Dataset items:
══════════
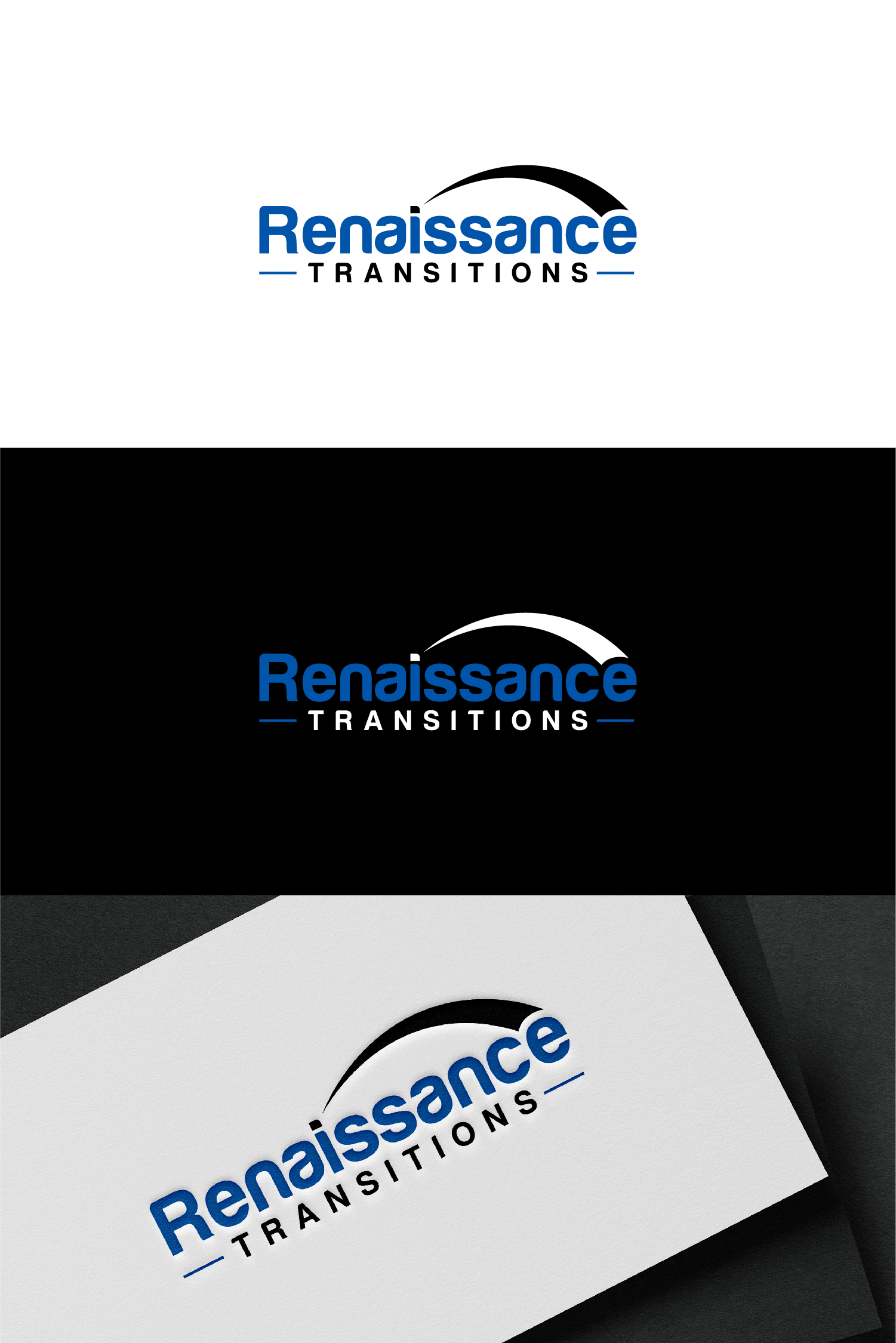 Diseño de Logo por S.H Designs para este proyecto | Diseño #34406283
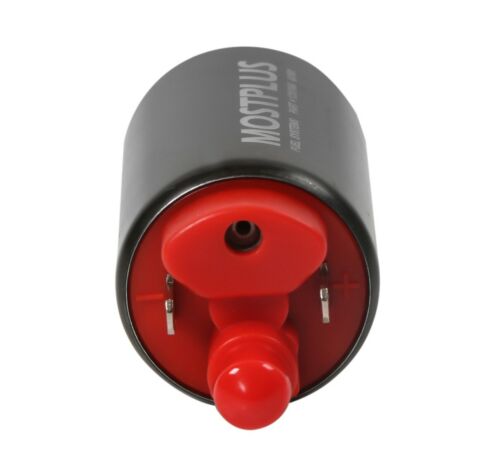 New 35mm Fuel Pump Fits  for Kawasaki KFX450R / KSF450-BAF 2008-2013 - Fresh Stock Dated October 2025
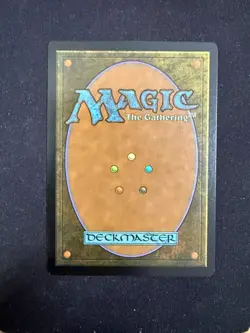 Abhorrent Oculus (PROMO) - Duskmourn (Magic/MTG) - Image 2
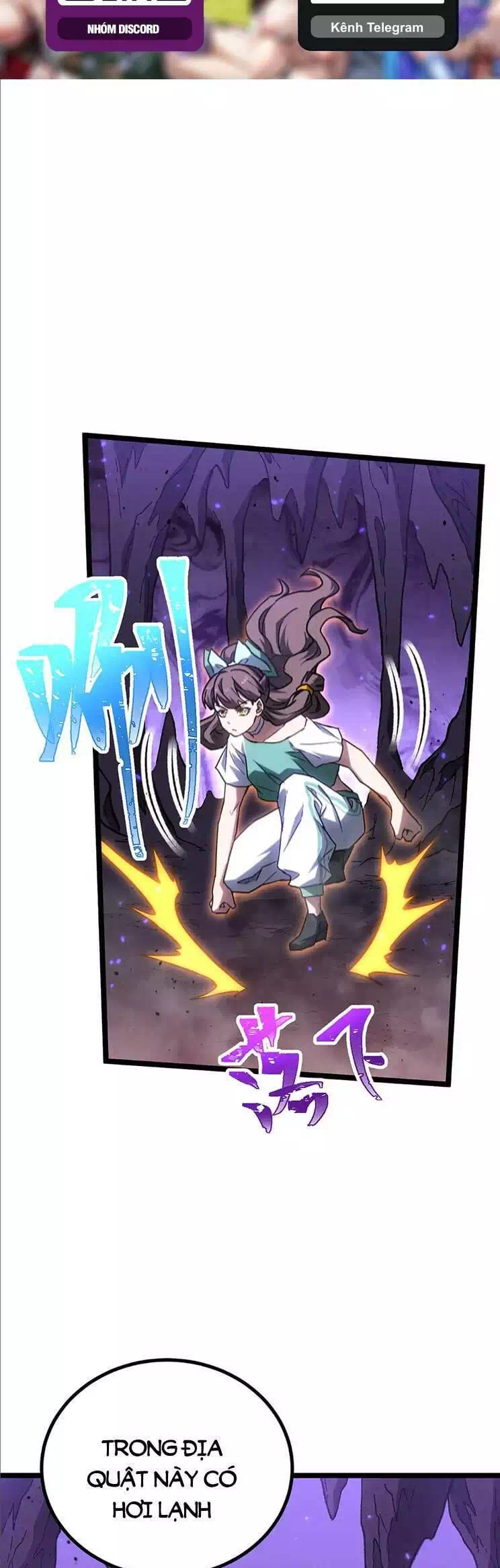 Chapter 175 - Image 2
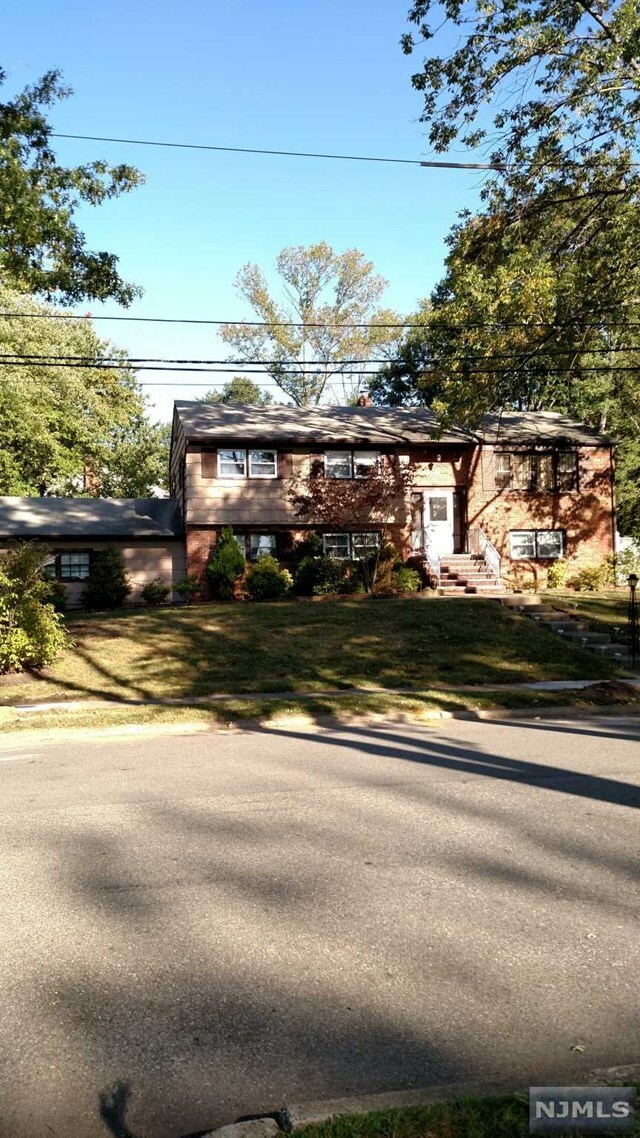 Property Photo:  16 Susan Ave  NJ 07470 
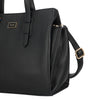TOTE ALBANIA SC6 NEGRO L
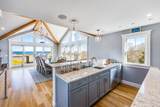 87 Oyster Pond Road - Photo 51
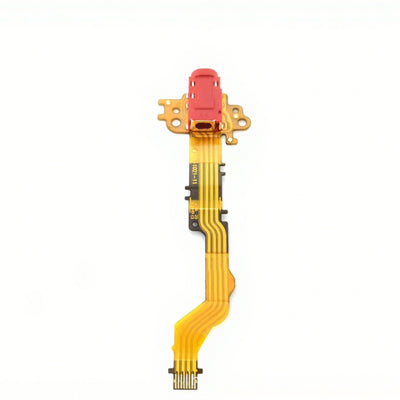 Cable Flexible para Interfaz de Micrófono - Image 9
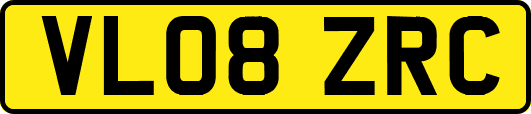 VL08ZRC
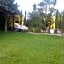 Posada Morelos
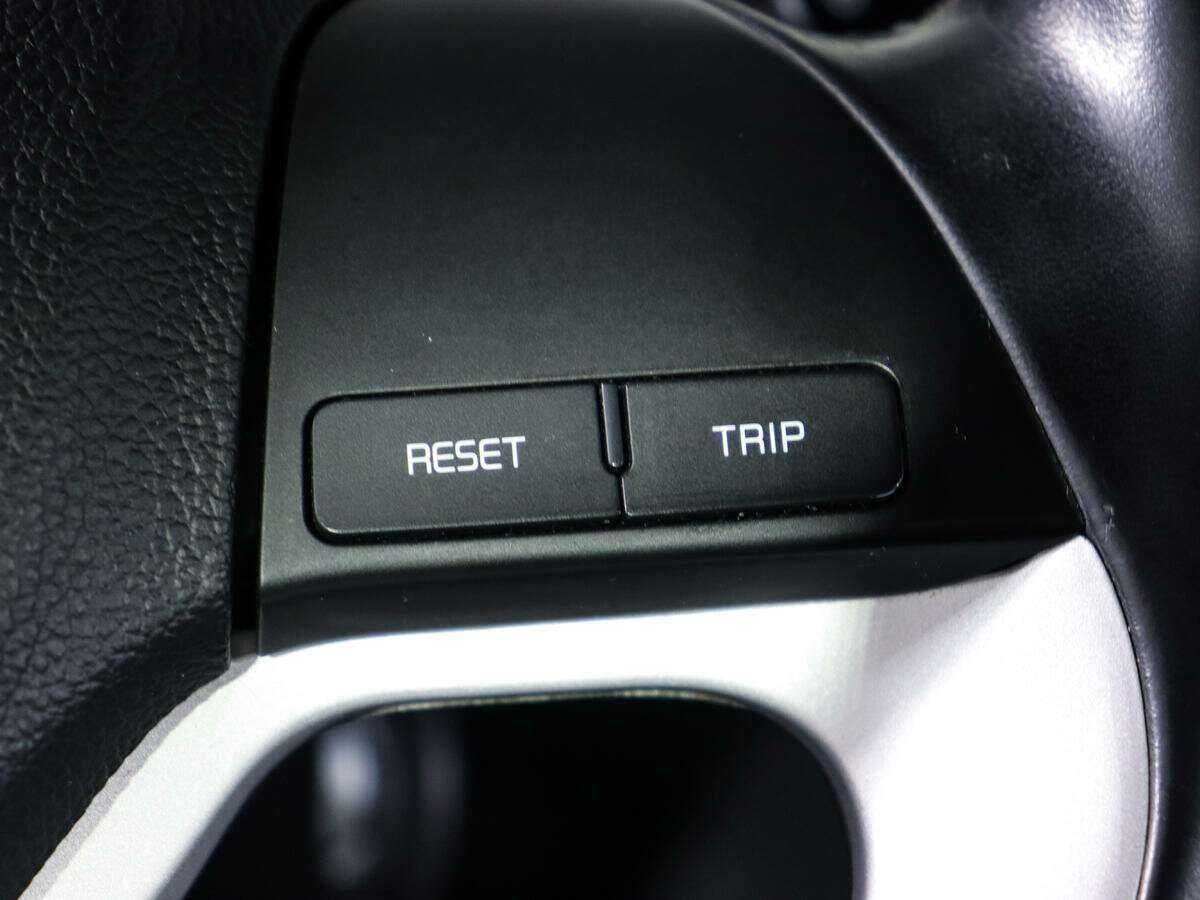 Купить Kia Picanto, 2016, 60 981 км.. Фото: #16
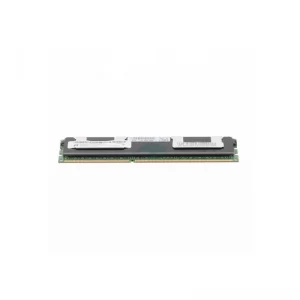 100-562-948 EMC 8GB DDR2-667MHz Memory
══════════
Problem: A faithful, complete copy of the records above is required, one that contains no pictures.

Output for this task:
 Diseño de Logo por S.H Designs para este proyecto | Diseño #34406283
 New 35mm Fuel Pump Fits  for Kawasaki KFX450R / KSF450-BAF 2008-2013 - Fresh Stock Dated October 2025
 Abhorrent Oculus (PROMO) - Duskmourn (Magic/MTG) - Image 2
 Chapter 175 - Image 2
 Property Photo:  16 Susan Ave  NJ 07470 
TOTE ALBANIA SC6 NEGRO L
 87 Oyster Pond Road - Photo 51
 Cable Flexible para Interfaz de Micrófono - Image 9
 VL08ZRC
 Posada Morelos
 Купить Kia Picanto, 2016, 60 981 км.. Фото: #16
 100-562-948 EMC 8GB DDR2-667MHz Memory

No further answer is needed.